■ **What is being asked**
Go to the line in the entries below that holds "Haut-Marin, Vin Petillant" and repeat exactly from there through the line that holds "Oryginalna Część Zamienna", inclusive.

:::::

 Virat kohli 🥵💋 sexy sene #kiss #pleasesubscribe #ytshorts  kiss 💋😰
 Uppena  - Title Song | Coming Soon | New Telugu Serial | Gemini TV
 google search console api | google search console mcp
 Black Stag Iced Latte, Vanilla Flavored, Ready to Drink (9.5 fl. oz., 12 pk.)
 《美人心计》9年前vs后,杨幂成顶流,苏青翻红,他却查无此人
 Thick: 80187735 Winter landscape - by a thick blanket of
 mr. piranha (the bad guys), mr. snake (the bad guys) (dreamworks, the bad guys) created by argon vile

:::::

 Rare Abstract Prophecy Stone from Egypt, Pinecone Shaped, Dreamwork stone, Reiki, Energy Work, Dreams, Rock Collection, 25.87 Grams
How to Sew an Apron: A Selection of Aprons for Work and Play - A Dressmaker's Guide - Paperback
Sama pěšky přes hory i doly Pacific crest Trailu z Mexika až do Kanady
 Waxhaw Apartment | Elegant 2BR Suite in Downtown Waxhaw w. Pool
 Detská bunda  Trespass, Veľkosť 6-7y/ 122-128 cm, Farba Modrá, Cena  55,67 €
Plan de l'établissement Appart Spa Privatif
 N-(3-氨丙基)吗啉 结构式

:::::

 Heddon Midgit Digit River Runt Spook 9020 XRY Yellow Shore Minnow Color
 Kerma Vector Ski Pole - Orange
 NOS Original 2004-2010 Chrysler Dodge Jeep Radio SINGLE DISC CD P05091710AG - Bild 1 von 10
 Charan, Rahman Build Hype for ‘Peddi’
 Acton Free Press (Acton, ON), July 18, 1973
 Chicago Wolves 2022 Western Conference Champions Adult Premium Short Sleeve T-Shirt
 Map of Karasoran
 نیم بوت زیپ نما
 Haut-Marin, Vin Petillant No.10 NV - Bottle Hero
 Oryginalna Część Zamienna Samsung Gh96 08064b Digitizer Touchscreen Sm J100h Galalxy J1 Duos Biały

:::::

■ **Written solution**
 Haut-Marin, Vin Petillant No.10 NV - Bottle Hero
 Oryginalna Część Zamienna Samsung Gh96 08064b Digitizer Touchscreen Sm J100h Galalxy J1 Duos Biały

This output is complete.